This instability was also attributed to the financial arrangements of the new
institutions. Those interviewed suggested stability could be under threat if there were
to be a change of government because, as Bogdanor pointed out, the Labour Party had
presided over a massive expansion of public funding in both Scotland and Wales.
This, he suggested, had gone a long way to ensure a perception of a successful
devolution. Russell Johnston, a former leader of the Scottish Party, went further and
suggested that the time was now approaching for a ‘financial reappraisal’. He said, ‘I


                                                                                          4
think unstable is the right word and it will slowly get worse… it has to be addressed at
some point reasonably soon and indeed…the next election may be the first election in
which this situation affects the outcome…’

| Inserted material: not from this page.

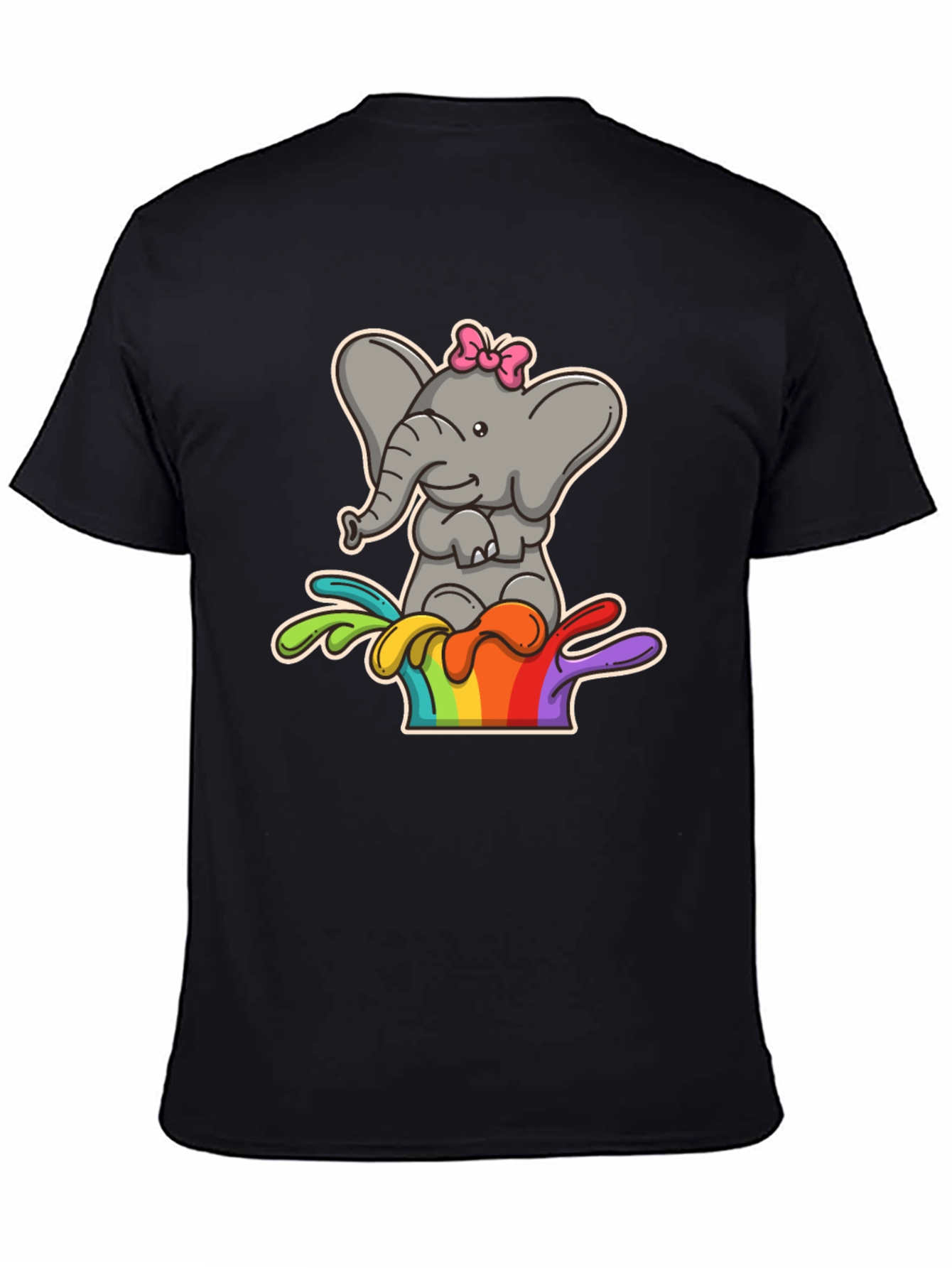 Elephant Rainbow Splash Tee - Cute Cartoon Graphic Shirt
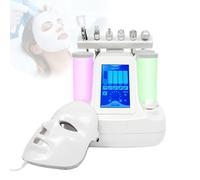 DioPaiB Macchina per la cura della pelle di ossigeno 7 in 1, acquafaciale professionale con indicatore LED e maschera, dispositivo microdermoabrasione 220 V, ossigeno bellezza macchina facciale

The Liberal Democrats’ approach to these issues is unique. As a self-consciously
federal party they tend to use the term federalism in its loosest form when talking
about the state - though they are arguably the most aware of the correct terminology
as well as foreign examples of a range of other constitutional structures. However, as
much as they understand these issues on a state level, they have ultimately replicated
this unbalanced constitutional status quo internally, as will be seen in the presumptive
approach sometimes taken by the centre towards the nations and regions of the Party.

The Development of the Modern Political Party
Within this slowly shifting structure of the state lie the levers of political change in
the form of political parties. They operate at three levels. At the widest view they act
as a collector of votes in the electorate, more specifically they are bodies of activists
who share a common outlook or ideology and finally they create elected groups
charged with formulating and/or implementing policy.

These three levels overlap and interact in a variety of ways but most of these links
have been gradually altered not only by the shifts in the form of the state but also by a
number of trends in the social fabric of the country.

Without going into the considerable literature on the decline of the political party, the
common conclusion is that mass membership parties are no longer viable because
different institutions have overtaken the party’s traditional roles. For example, the
media now deliver a constant stream of information while corporations and single
issue campaigning groups both inform the public about their issues and lobby the
government directly on their key policy concerns.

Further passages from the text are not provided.